# Brewster Yard Haunt '07 Photos here... (finally)



## kevin242 (Sep 30, 2005)

Hey all,
I hope the winter holidays are keeping you out of too much trouble. I got an e-mail today from someone named Cyd asking me why I hadn't put up my 2007 photos yet. Laziness had a lot to do with it, to be sure. 
There are a few really good ones in this batch, enjoy!

http://www.fulcrumsites.com/haunt/html/halloween_07.html
Have a great "other holiday" everyone!


----------



## JohnnyL (Aug 17, 2006)

Amazing! Glad to finally see some pictures. The lab scene is incredible, VERY realistic and movie-set worthy.

Can't wait to see more!


----------



## slimy (Jul 12, 2006)

Great pics. Excellent as always.


----------



## turtle2778 (Jul 9, 2006)

Okay the OUTtestines were DISGUSTINE...UGH!! My kid loved it though. How did you make the torso? It looks like greatstuff for the outside, but what holds it all up since it looks hallow inside? Do you allow people to roam around your yard? Or is there a designated path? It looks pretty open so i was just wondering..>THANKS


----------



## ScareFX (Aug 18, 2004)

Looks like it was another great year.
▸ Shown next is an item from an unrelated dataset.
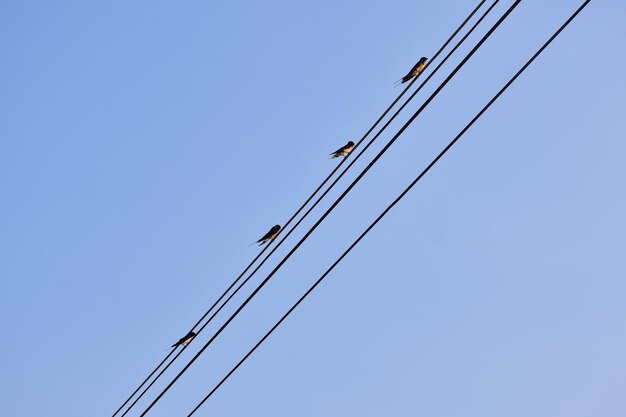 Foto vista en bajo ángulo de la grúa contra un cielo azul claro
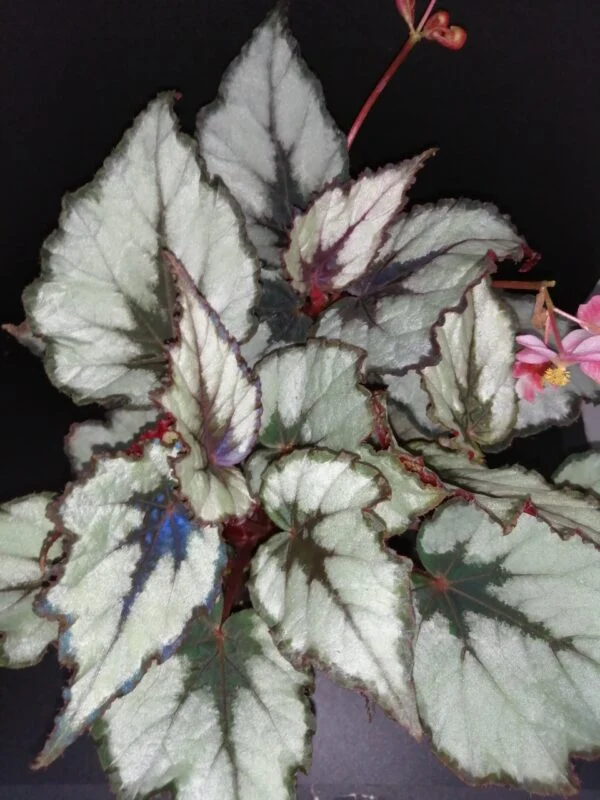 Begonia Helen Teupel, pianta da interno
Terrific work Kevin.


----------



## jdubbya (Nov 6, 2005)

As always, one of the favorites! Great stuff and the detail seems to get better each year. What I wouldn't do for a space like that to work with. Great job, as usual!


----------



## strange1 (Mar 12, 2006)

You do really great work, I love it all.


----------



## Mazz (Jun 24, 2007)

Great looking haunt.Man I haven't been to Brewster in forever!!!!


----------



## Lilly (Jun 13, 2006)

Nice Haunt...
Some of your props are real cool!!
nice graveyard too


----------



## kevin242 (Sep 30, 2005)

*Hey turtle2778, thought you might find this interesTINE*



turtle2778 said:


> Okay the OUTtestines were DISGUSTINE...UGH!! My kid loved it though. How did you make the torso? It looks like greatstuff for the outside, but what holds it all up since it looks hallow inside? Do you allow people to roam around your yard? Or is there a designated path? It looks pretty open so i was just wondering..>THANKS


Thanks Turtle! 
The torso is just rolled chicken wire covered in "duck" tape covered in great stuff and spray paint. I cut a hole in the chest and put in a stainless steel bowl for our sausage casing and (fake) blood mixture. One year we had a cow heart to disect, it was a real crowd pleaser. We found out that they don't sell them around here because of mad cow. 
The head is a mask we bought and I cast my hands and arms with heavy duty aluminum foil and then filled the foil with great stuff. The victim is over 7feet long lying down!
Our haunt is pretty open, it is 100' x 150' of flat ground with our graveyard on one side and torture chamber, swamp and lab on the other.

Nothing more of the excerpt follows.